PROVIDED RECORDS below:
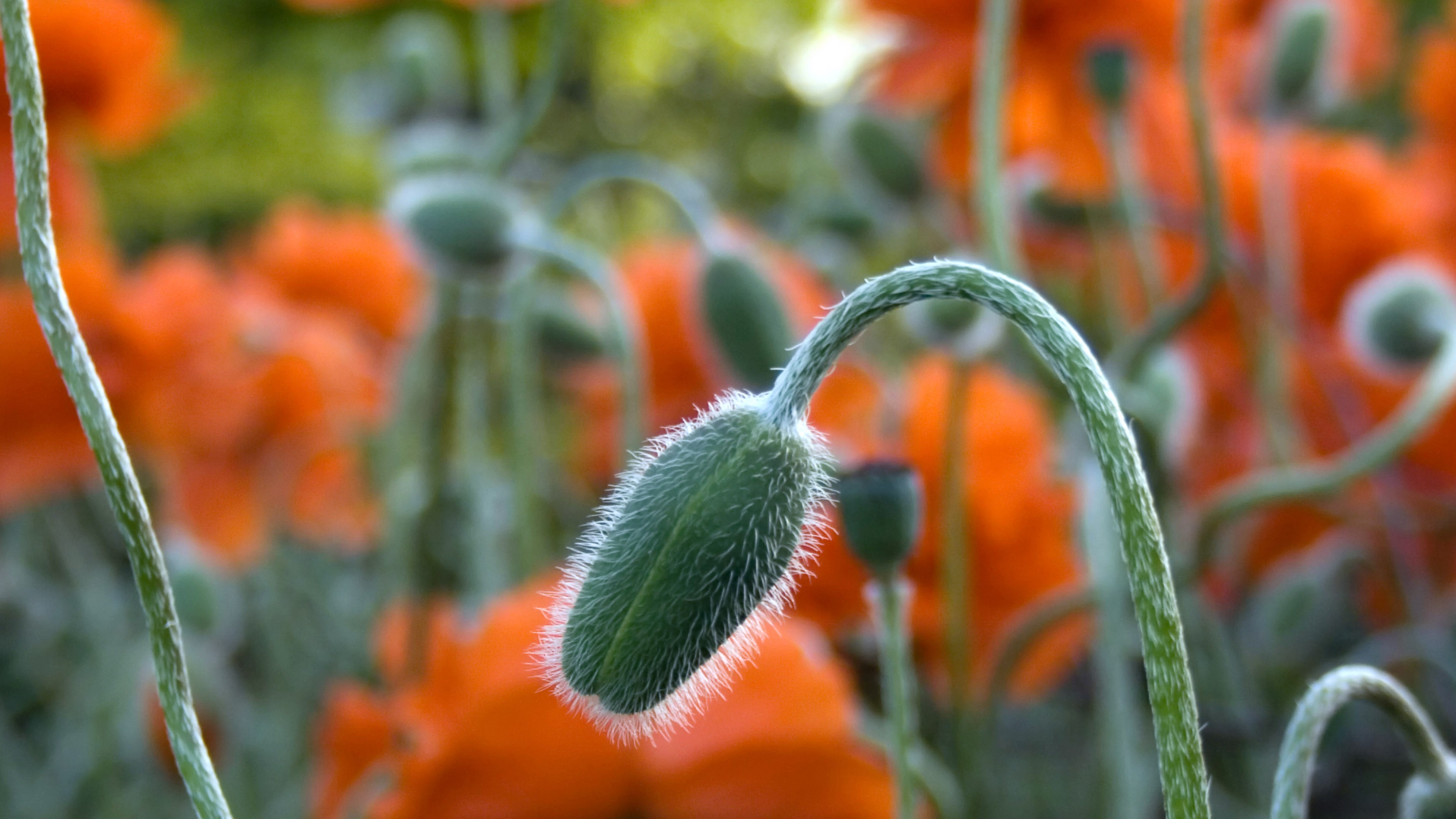 تصویر جالب دشت گل نارنجی برای دسکتاپ با کیفیت اولترا اچ دی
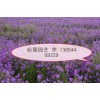 【【精品藍香芥】】婚紗攝影花海新寵藍香芥小苗專業培育基地--@@裕馨園藝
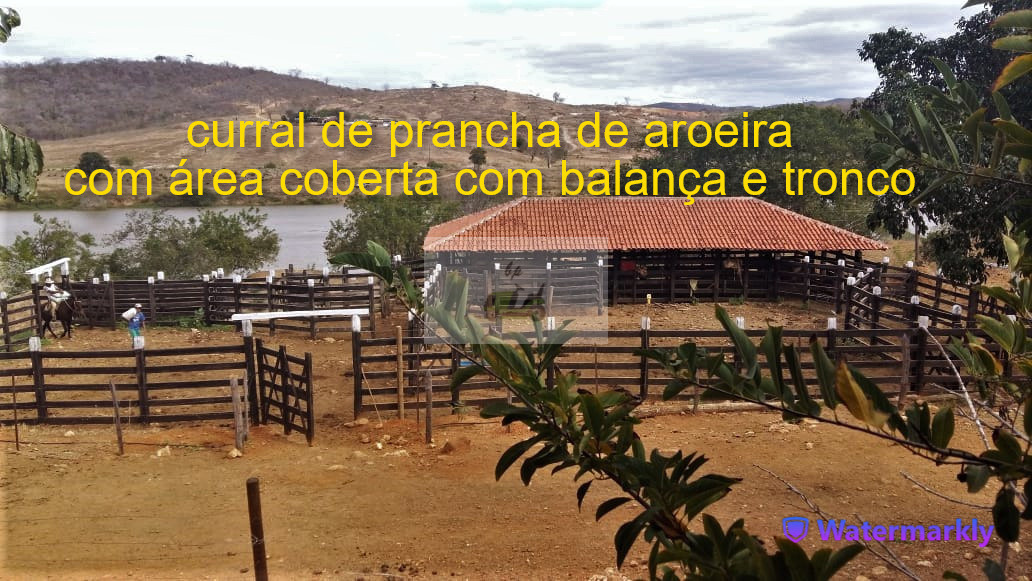 Chácara à venda com 4 quartos, 1440000m² - Foto 2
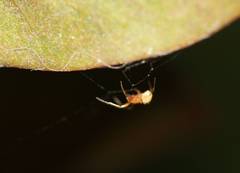 Araneae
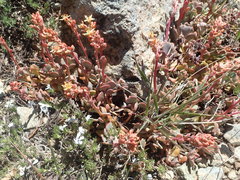 Sedum kiersteadiae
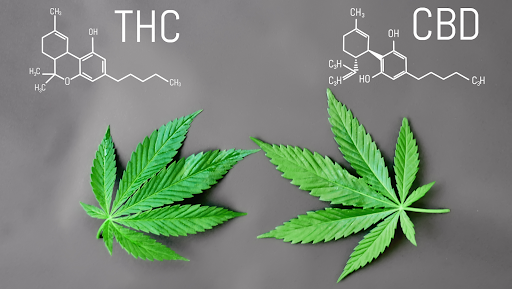 THC vs CBD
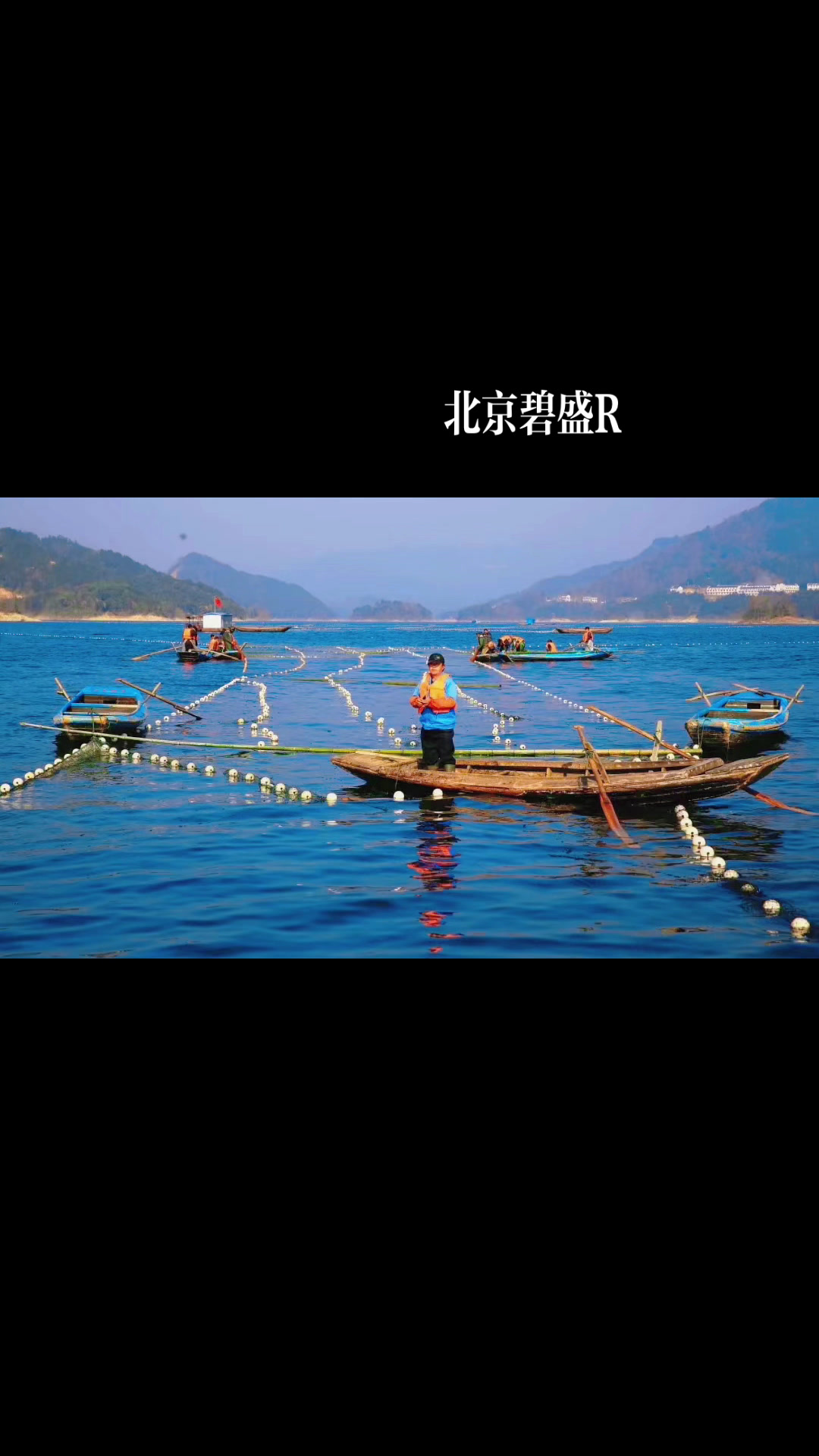 千岛湖有机鱼,胖头鱼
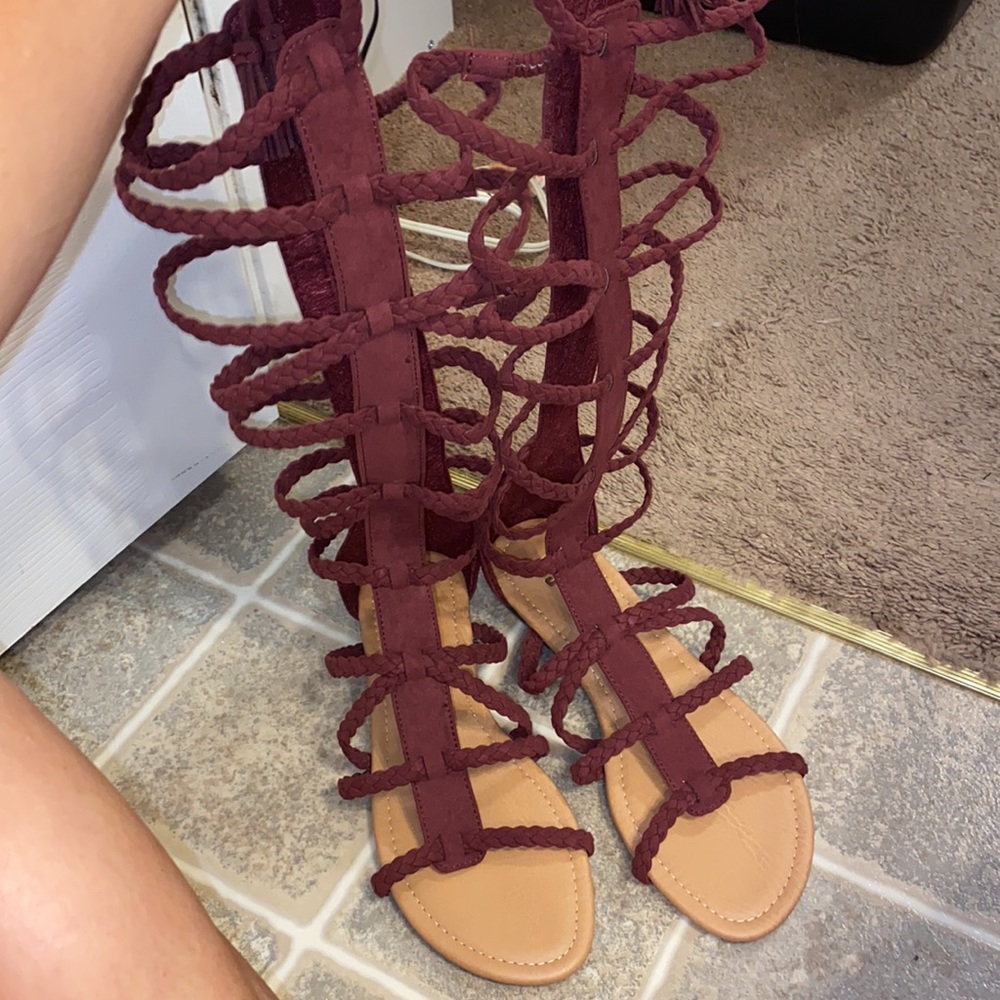 Cranberry gladiators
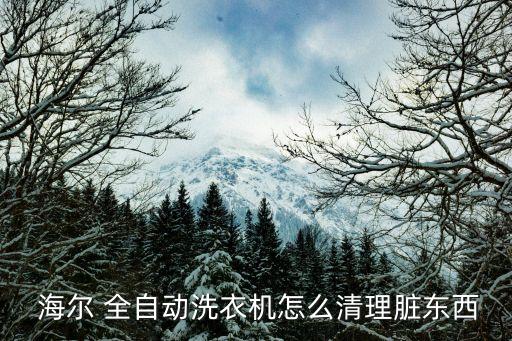  海爾 全自動(dòng)洗衣機(jī)怎么清理臟東西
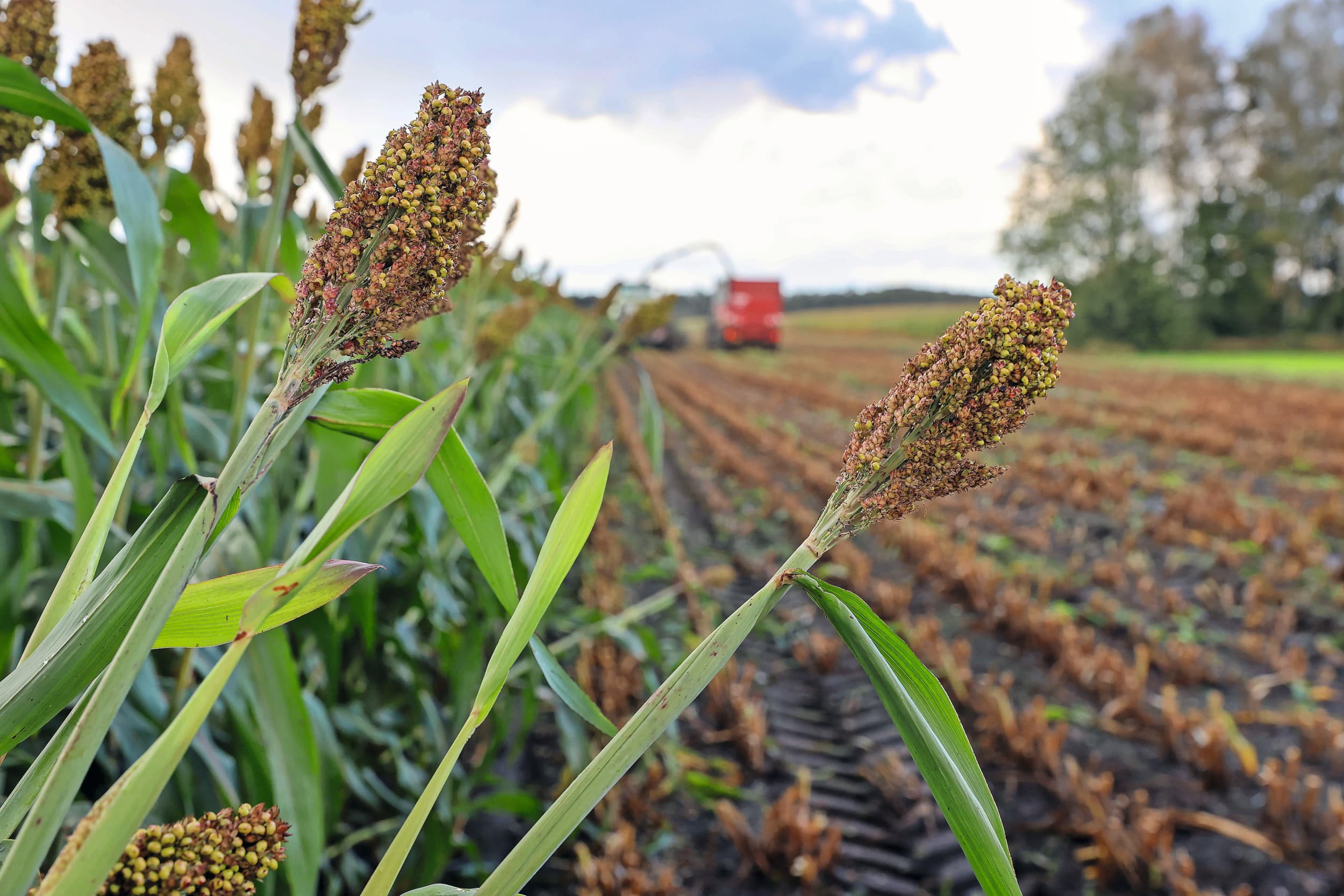 Sorghum wordt al langer in Nederland geteeld, maar kent geen groei in het areaal. Sorghum kan geteeld worden als rustgewas voor de eco-regeling. Gecombineerd in mais in verhouding 75-25 is de eco-regeling niet mogelijk, maar de teelt mag wel als rustgewas in de Nitraatrichtlijn. Foto: Bert Jansen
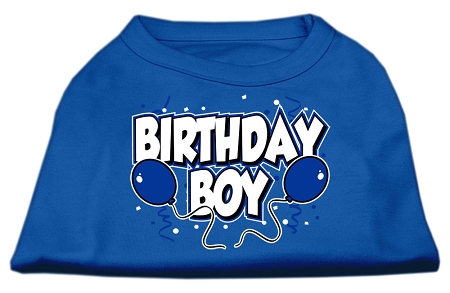 Birthday Boy Screen Print Shirts Blue XS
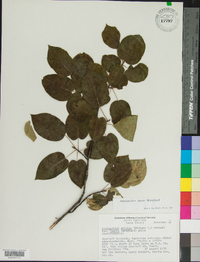 Amelanchier laevis image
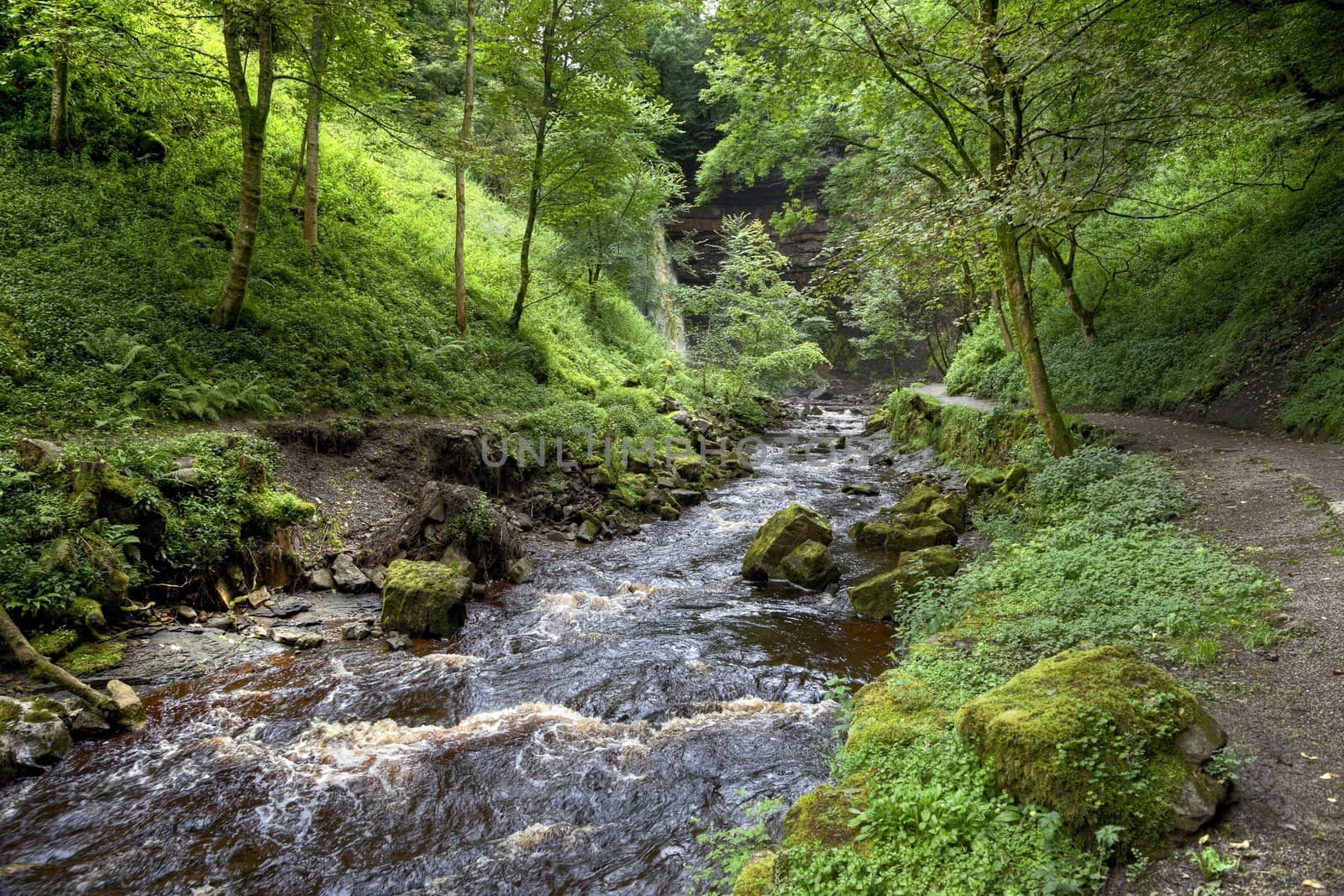 River through woodland, Yorkshire Dales National Park, England.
End of PROVIDED RECORDS.
Could you reproduce the data above exactly, without its pictures?

 تصویر جالب دشت گل نارنجی برای دسکتاپ با کیفیت اولترا اچ دی
 【【精品藍香芥】】婚紗攝影花海新寵藍香芥小苗專業培育基地--@@裕馨園藝
 Chácara à venda com 4 quartos, 1440000m² - Foto 2
 Araneae
 Sedum kiersteadiae
 THC vs CBD
 千岛湖有机鱼,胖头鱼
 Cranberry gladiators
  海爾 全自動(dòng)洗衣機(jī)怎么清理臟東西
 Sorghum wordt al langer in Nederland geteeld, maar kent geen groei in het areaal. Sorghum kan geteeld worden als rustgewas voor de eco-regeling. Gecombineerd in mais in verhouding 75-25 is de eco-regeling niet mogelijk, maar de teelt mag wel als rustgewas in de Nitraatrichtlijn. Foto: Bert Jansen
 Birthday Boy Screen Print Shirts Blue XS
 Amelanchier laevis image
 River through woodland, Yorkshire Dales National Park, England.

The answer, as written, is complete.